The disclosure leaves Olympus, its directors and its accountants open to possible criminal charges for suspected accounting fraud and shareholder suits, lawyers and analysts said, raising questions about the future of the firm, founded in 1919 as a microscope maker.

"This is very serious. Olympus admitted it has made false entries to cover its losses for 20 years. All people involved in this over 20 years would be responsible," analysts said. "There is a serious danger that Olympus shares will be delisted. The future of the company is extremely dark," they added.

Olympus' announcement sent its shares tumbling 29% to a 16-year low today. The company has lost 70% of its value, or $6 billion, since it fired Woodford, who had questioned the deals. The Briton had been one of the few foreign CEOs of a Japanese blue chip.

Olympus said it discovered the cover-up while working with an independent panel set up last week to investigate the deals. Kikukawa and Mori confessed to their roles on Monday night, Takayama said. Mori was sacked earlier in the day while the internal auditor offered to resign.

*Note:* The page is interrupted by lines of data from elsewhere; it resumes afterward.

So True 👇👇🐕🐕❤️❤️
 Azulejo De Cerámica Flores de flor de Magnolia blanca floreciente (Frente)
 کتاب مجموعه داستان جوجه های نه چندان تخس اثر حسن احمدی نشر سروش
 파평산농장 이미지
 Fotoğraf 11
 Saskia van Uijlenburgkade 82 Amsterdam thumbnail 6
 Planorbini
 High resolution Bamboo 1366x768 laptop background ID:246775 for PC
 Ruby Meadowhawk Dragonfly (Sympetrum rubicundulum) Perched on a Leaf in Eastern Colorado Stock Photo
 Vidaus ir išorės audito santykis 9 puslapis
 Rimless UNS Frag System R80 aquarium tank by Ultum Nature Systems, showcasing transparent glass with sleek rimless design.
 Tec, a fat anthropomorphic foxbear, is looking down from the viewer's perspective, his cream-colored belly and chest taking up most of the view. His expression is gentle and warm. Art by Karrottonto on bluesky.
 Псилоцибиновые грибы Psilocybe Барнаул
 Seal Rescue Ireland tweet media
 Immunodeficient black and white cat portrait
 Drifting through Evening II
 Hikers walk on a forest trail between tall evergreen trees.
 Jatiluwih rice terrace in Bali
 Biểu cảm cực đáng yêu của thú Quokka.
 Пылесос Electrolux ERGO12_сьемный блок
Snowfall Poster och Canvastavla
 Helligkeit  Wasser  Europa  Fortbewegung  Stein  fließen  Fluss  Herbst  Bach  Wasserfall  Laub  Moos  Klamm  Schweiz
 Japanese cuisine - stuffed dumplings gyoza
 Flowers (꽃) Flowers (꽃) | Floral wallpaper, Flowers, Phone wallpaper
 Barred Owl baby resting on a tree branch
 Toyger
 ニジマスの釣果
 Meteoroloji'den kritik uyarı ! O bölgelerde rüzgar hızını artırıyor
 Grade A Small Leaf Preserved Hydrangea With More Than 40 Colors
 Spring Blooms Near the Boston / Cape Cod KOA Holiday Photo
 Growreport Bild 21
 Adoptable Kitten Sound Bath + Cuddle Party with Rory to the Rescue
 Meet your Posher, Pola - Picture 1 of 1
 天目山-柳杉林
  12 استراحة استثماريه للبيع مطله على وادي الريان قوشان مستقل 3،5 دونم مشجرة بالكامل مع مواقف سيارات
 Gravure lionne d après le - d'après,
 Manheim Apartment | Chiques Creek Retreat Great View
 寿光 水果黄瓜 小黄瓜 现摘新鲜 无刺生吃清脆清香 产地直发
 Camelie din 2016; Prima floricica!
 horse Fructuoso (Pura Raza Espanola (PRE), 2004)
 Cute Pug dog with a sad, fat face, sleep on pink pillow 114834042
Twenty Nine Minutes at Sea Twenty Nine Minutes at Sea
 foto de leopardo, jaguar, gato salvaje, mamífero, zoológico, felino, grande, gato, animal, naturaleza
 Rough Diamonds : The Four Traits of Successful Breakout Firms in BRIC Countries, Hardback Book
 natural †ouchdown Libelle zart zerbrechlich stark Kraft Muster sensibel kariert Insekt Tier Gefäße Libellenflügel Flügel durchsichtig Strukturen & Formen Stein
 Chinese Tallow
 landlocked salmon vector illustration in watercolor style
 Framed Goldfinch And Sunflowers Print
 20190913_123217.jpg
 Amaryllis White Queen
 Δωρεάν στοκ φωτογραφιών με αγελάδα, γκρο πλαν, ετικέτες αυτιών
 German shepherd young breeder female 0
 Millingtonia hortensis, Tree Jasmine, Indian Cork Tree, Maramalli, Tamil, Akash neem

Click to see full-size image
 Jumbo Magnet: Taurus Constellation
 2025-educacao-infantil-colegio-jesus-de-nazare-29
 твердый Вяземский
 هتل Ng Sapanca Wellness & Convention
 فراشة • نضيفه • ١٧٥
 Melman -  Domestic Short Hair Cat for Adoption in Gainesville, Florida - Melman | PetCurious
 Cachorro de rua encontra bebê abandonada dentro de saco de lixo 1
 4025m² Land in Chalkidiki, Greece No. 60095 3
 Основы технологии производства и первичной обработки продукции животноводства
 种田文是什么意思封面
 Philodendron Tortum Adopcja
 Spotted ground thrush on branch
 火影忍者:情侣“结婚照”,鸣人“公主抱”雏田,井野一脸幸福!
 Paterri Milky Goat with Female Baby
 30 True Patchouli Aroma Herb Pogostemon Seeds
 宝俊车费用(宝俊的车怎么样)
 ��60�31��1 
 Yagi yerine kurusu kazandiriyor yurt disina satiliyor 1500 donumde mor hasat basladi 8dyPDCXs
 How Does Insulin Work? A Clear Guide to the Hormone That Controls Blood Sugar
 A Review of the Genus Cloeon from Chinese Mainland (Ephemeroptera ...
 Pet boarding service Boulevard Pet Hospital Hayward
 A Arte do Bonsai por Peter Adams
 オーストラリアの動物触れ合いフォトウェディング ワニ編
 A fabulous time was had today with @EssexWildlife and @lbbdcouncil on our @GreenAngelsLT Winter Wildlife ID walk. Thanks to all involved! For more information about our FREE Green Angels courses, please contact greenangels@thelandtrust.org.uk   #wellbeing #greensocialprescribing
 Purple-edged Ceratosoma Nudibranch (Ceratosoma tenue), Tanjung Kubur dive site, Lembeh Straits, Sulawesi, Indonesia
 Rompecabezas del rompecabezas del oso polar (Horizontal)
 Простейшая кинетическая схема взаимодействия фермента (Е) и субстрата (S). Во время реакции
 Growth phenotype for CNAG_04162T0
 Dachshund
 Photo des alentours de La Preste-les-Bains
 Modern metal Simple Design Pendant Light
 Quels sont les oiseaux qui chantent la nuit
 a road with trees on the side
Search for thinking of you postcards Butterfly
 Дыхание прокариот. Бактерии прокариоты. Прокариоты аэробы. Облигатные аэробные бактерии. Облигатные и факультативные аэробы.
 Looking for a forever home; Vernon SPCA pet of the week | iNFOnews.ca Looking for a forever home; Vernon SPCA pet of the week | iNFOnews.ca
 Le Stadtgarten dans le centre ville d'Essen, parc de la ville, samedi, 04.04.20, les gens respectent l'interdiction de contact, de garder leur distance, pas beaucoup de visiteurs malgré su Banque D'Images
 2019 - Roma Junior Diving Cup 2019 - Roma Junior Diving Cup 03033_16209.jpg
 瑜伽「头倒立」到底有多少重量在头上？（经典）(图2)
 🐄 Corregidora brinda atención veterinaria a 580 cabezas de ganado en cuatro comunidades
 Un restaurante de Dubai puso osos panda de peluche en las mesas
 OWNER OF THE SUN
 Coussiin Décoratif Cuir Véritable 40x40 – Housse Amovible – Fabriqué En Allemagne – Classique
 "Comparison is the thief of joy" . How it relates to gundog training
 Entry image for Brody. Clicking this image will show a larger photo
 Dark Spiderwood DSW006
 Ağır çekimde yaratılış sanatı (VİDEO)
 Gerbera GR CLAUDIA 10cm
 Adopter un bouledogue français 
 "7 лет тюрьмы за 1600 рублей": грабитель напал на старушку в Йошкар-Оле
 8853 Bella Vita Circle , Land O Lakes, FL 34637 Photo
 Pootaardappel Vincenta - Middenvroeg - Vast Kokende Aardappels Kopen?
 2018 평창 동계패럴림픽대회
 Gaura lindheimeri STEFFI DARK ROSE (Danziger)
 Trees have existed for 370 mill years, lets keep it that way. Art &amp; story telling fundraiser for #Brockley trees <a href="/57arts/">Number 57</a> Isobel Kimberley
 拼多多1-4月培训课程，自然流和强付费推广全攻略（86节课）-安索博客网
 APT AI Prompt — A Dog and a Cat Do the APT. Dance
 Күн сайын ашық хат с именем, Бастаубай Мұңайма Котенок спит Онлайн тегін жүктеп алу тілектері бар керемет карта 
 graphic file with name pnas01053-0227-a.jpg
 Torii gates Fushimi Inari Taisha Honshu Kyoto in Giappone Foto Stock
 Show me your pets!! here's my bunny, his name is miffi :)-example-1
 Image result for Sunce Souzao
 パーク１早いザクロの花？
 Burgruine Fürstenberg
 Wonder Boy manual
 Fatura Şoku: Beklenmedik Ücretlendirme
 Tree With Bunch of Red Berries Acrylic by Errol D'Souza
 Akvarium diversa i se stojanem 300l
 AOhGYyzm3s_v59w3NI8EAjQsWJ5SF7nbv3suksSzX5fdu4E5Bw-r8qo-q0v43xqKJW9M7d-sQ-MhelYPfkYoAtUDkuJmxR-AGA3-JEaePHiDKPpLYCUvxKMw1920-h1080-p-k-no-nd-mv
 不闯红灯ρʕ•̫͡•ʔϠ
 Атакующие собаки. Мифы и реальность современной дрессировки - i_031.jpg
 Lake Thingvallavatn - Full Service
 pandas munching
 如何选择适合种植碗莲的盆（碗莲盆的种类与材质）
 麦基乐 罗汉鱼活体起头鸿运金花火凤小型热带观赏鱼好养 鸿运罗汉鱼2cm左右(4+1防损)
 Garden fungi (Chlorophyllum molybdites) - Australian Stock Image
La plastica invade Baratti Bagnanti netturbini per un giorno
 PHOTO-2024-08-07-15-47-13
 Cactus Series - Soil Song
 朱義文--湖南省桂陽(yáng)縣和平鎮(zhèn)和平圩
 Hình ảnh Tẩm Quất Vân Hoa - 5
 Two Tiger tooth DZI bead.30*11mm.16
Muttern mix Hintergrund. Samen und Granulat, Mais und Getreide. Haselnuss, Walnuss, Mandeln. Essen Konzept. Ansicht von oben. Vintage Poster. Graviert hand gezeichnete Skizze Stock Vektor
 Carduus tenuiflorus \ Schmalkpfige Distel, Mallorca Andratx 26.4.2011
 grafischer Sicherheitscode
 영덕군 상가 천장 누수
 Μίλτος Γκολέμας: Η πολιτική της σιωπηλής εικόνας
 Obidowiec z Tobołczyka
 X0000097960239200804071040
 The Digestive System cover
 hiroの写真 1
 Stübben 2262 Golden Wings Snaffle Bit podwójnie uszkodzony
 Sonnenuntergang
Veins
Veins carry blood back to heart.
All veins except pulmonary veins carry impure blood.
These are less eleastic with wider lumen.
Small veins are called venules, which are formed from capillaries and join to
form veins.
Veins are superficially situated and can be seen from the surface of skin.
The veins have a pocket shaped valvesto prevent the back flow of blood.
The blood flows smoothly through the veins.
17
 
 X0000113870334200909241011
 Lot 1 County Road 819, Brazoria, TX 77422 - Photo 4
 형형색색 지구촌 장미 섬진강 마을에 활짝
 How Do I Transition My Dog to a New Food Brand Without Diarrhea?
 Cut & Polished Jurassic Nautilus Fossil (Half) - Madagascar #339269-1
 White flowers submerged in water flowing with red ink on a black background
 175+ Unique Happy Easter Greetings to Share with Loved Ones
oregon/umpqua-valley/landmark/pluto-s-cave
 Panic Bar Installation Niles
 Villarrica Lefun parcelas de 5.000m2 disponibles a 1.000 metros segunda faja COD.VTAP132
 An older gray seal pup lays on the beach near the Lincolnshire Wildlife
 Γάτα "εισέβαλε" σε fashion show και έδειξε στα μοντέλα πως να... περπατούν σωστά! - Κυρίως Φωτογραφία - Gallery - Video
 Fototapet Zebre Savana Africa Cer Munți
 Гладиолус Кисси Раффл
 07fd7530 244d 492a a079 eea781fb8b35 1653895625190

Olympus said it would decide whether others were responsible after further investigation.

The Olympus affair is the biggest corporate scandal to hit Japan since a series of scandals at brokerages in the 1990s including one that led to the demise in 1997 of Yamaichi Securities, then the country's fourth largest brokerage.

Takayama said he believed the loss-postponement scheme had started before the 1990s. The firm said it had funnelled money related to the acquisitions through various funds and other measures to defer posting the unspecified losses, similar to practices seen after Japan's bubble economy of soaring asset prices burst in 1990.

While Olympus did not offer concrete details, Takayama said he believed the company may have initiated the loss-postponing scheme when its earnings had taken a drastic turn for the worse, possibly during a period of yen strength.

Such a scheme may have involved creating a fund or special purpose vehicle to buy battered securities at book value, getting them off Olympus' balance sheet. The cost to fund that scheme would have ballooned over time.